Within the listing below, please copy exactly the lines between the line holding "Plaza Colonia could" and the line holding "naish psycho kite", inclusive.

= Data extracts =
* * * *

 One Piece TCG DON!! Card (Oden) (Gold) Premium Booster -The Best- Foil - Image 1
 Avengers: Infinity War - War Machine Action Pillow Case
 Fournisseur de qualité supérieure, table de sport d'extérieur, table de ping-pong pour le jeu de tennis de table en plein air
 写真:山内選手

* * * *

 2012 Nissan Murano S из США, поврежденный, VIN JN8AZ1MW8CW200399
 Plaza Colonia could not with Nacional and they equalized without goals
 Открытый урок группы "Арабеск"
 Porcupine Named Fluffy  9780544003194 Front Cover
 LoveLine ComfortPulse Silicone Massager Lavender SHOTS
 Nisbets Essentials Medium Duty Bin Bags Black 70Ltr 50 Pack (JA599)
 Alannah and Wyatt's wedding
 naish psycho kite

* * * *

= Response to the task =
 Plaza Colonia could not with Nacional and they equalized without goals
 Открытый урок группы "Арабеск"
 Porcupine Named Fluffy  9780544003194 Front Cover
 LoveLine ComfortPulse Silicone Massager Lavender SHOTS
 Nisbets Essentials Medium Duty Bin Bags Black 70Ltr 50 Pack (JA599)
 Alannah and Wyatt's wedding
 naish psycho kite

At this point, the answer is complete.